Yes, cloud and mobility. And mobility is kind of where our strength has always been. So we think -- well, first of all, to answer your first question, personally, I believe if everybody worked from home forever, it will hurt productivity, it will hurt innovations. But I think there will be a hybrid model that's being developed. And most of the people -- there are a lot of very well-known CEO. And I think there was a Wall Street Journal article yesterday or earlier this week interviewing them, and most of them have said that they probably want to either everybody go back to work or a hybrid of sorts. And so either trend was something that we could benefit from. We could benefit because I think whether you're working from home or you are doing -- at the office or remotely, you will deal with mobility. And so secure mobility, endpoint mobility, endpoint security are definitely something that we don't need to change our product road map or adjust it, whether we're doing messaging or event management or UEM or the UES side of the equation. Our platforms are just fine for either the usage. I think -- again, I look at this thing as mobile computing and securing that mobile computing in as many facets as possibly can to help productivity, to help assuring data privacy and all that. It's something that we do and we do best. So that will be a good space for us.

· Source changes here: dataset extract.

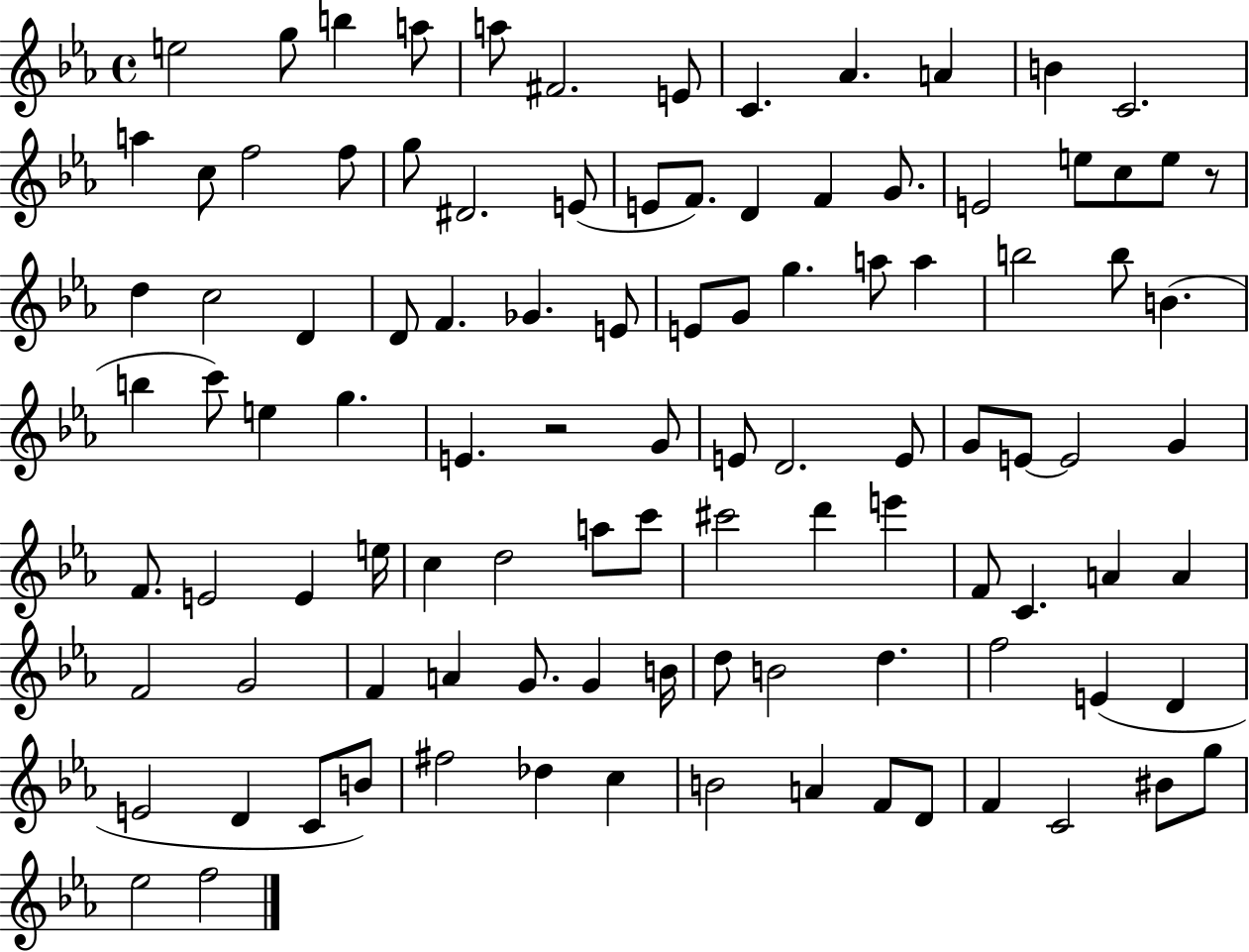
E5/h G5/e B5/q A5/e A5/e F#4/h. E4/e C4/q. Ab4/q. A4/q B4/q C4/h. A5/q C5/e F5/h F5/e G5/e D#4/h. E4/e E4/e F4/e. D4/q F4/q G4/e. E4/h E5/e C5/e E5/e R/e D5/q C5/h D4/q D4/e F4/q. Gb4/q. E4/e E4/e G4/e G5/q. A5/e A5/q B5/h B5/e B4/q. B5/q C6/e E5/q G5/q. E4/q. R/h G4/e E4/e D4/h. E4/e G4/e E4/e E4/h G4/q F4/e. E4/h E4/q E5/s C5/q D5/h A5/e C6/e C#6/h D6/q E6/q F4/e C4/q. A4/q A4/q F4/h G4/h F4/q A4/q G4/e. G4/q B4/s D5/e B4/h D5/q. F5/h E4/q D4/q E4/h D4/q C4/e B4/e F#5/h Db5/q C5/q B4/h A4/q F4/e D4/e F4/q C4/h BIS4/e G5/e Eb5/h F5/h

And now I'd like to turn the call back over to John Chen, Executive Chair and CEO of BlackBerry for closing remarks.
Okay. Well, thank you. So the only thing I have is, I'd like to remind everybody that we have our BlackBerry Annual Security Summit, I think this is the 7th on October 5 to 7. This virtual event will feature live and on-demand session, including keynote address with BlackBerry Executives, product demos, case study. We have exciting outside speaker lineup also, including a high level U.S. government official, who will speak about cybersecurity legislative developments and a distinguished industry analyst from Gartner, who will talk about the market more in detail. More detail of the speakers and the event can be found on our website, blackberry.com/securitysummit, one word, securitysummit is one word. This event will help demonstrate why BlackBerry is so important and critical in today's cybersecurity landscape, we hope to see many of you there. Thank you very much for joining us for the call today, and have a great day.
This concludes today's call. You may now disconnect.